Mutual funds operated by Goldman Sachs Asset Management faced potential losses of at least $63m on the bonds in the 12 months ended June 30, based on data from Morningstar.
All told, market-value losses on the investment, which is held mostly in privately managed accounts for Goldman clients, likely exceed $250m, based on a
Wall Street Journal analysis of figures reported by the mutual funds and traders’ estimates.
These losses came before
Venezuela announced a devaluation of its already embattled currency on Friday evening, which likely will add to investor anxiety about the country’s future.
The declines underscore the risks Goldman and its clients shouldered in taking on what the firm viewed at the time as an opportunistic investment in a country facing extraordinary challenges. Goldman marked the value of the bonds at 18 cents on the dollar in June compared with 31 cents when it bought them little more than a year earlier, according to Morningstar.
“For the first few days the Goldman guys looked like heroes and since then they’ve had a whole year of grief,” said Mitu Gulati, an economics professor at Duke University who interviewed 30 investment firms for an academic study of the bonds. “Big investors are just not willing to buy.”
In May 2017, Goldman bought bonds with a face value of $2.8bn originally issued by state oil company Petróleos de Venezuela, or PdVSA, in 2014. The purchase
drew public criticism when it was
reported by The Wall Street Journal because the proceeds went directly to the government of Venezuelan dictator Nicolás Maduro, unlike most bond trades between financial institutions. At the time, Maduro’s detractors were pleading with international banks to avoid transactions that might help a government accused of human-rights abuses.
A spokesman for Goldman declined to comment. Last year, responding to criticism in Venezuela, the firm said it bought the securities from a broker and didn’t interact with the Venezuelan government. “We recognise that the situation is complex and evolving and that Venezuela is in crisis,” the bank said at the time. “We agree that life there has to get better, and we made the investment in part because we believe it will.”
No mutual funds managed by firms other than Goldman had purchased any of the bonds as of June 30, according to Morningstar, which tracks more than 1,300 US-domiciled bond funds.
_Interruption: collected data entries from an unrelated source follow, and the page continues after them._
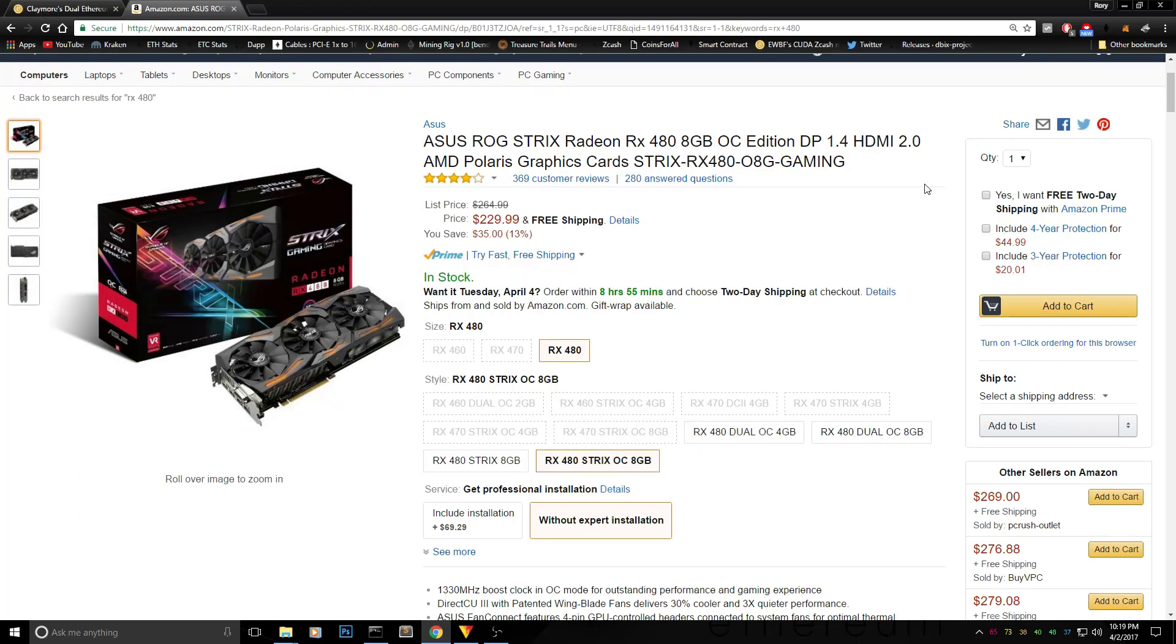This week we have a really cheap $230 RX 488 GB from Asus ROG Strix and this card is capable of doing 32 megahashes per second.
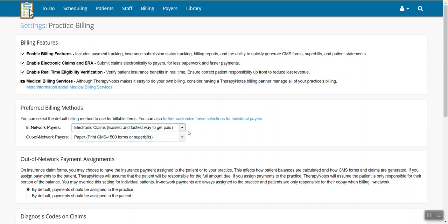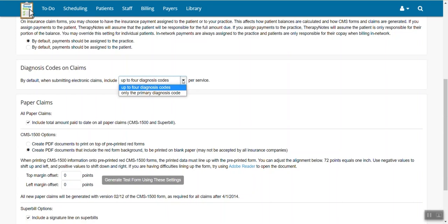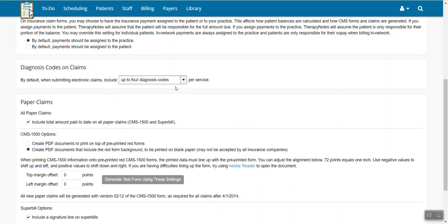Finally, the last setting you need to adjust is the diagnosis codes on claims. Using this option, you can select how many diagnosis codes you would like to use when submitting an electronic claim. Using the drop-down menu, you can choose to include only the primary diagnosis code or up to four diagnosis codes per service.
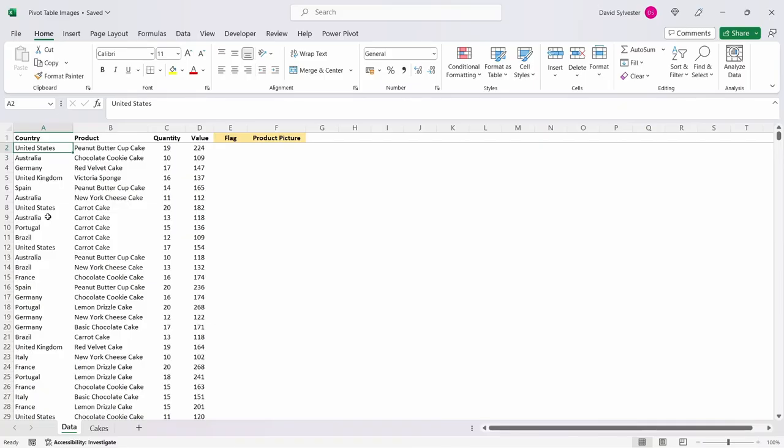Here we have our sales data tab for our incredibly successful fictional cake business where we sell cakes all over the world. We have a column for country, product, quantity and value which has all our data in, but we also have two columns which are currently empty for flag and product image which we need to populate.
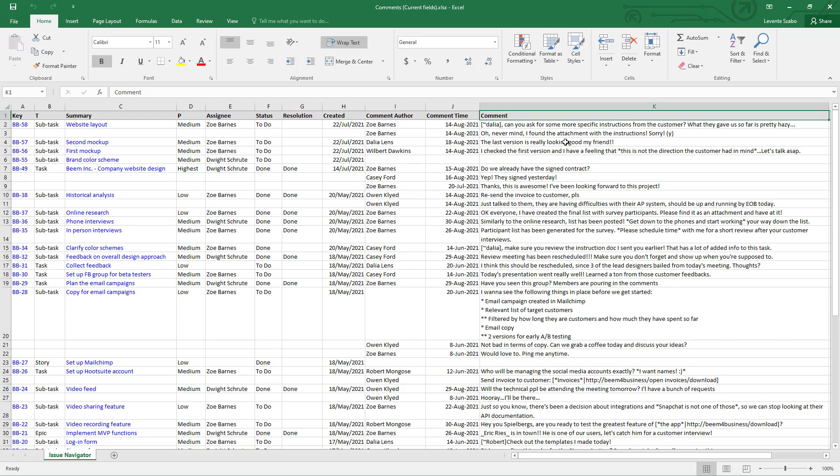It's a quick and easy way to export Jira issue comments to Excel or make issue comments a part of a more complex Jira Excel report. Use this export option as it is or grab the Excel template and customize it to your exact needs.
Goldman placed about $20m combined face value bonds in two mutual funds it subadvises for SEI Investments and for Thrivent Financial.
“Goldman Sachs is a subadviser for a small portion of the Thrivent Partner Worldwide Allocation Fund,” a Thrivent spokeswoman said. “Goldman Sachs manages all assets solely at its discretion as it does with other clients.”
Goldman successfully
unloaded some of the bonds, mostly to hedge funds, booking slight gains on some of them and taking losses on others, traders said. Market-value declines have been partly mitigated by
an April interest payment.
The uproar prompted the firm to review its so-called ESG practices, the environmental, social and governance factors that many investors are increasingly using to aid decision making, a GSAM executive said in a March interview with
Bloomberg.
The risk of doing business in countries that have repressive regimes has become the No. 1 ESG concern among money managers, ahead of issues like climate change and corporate governance, according to a survey of 300 investment firms by US SIF, an organisation focused on expanding sustainable investing practices.
Asset managers are increasingly incorporating ESG measurements into bond analysis both because their clients require them and to reduce risk exposure. MFS Investment Management Inc. fund manager Matthew Ryan said he has mostly avoided holding Venezuelan bonds in the $5.9bn emerging markets bond mutual fund he runs because of Venezuela’s poor finances but ESG factors also played a part.
“On top of all their problems, the country has turned increasingly authoritarian and is engulfed not just by an economic crisis but by a social crisis,” he said.
Goldman Sachs Asset Management likely still holds at least $2bn face amount of the bonds, or about three-quarters of its original investment, bond traders estimate. Trading of all Venezuelan bonds has been thin since the country defaulted in November, and liquidity — a measurement of trading activity — in the Goldman bonds is just a fraction of other Venezuelan debt. JPMorgan excluded them from its widely followed emerging-markets bond index, which includes other PdVSA debt.
Venezuela has defaulted on billions of dollars of bonds since November, and debt restructuring talks are unlikely under the current government, bondholders say. When such talks start, one question is likely to be whether the bonds Goldman bought get the same treatment as other debts, or get repudiated because of the circumstances of their sale, Duke University’s Gulati said.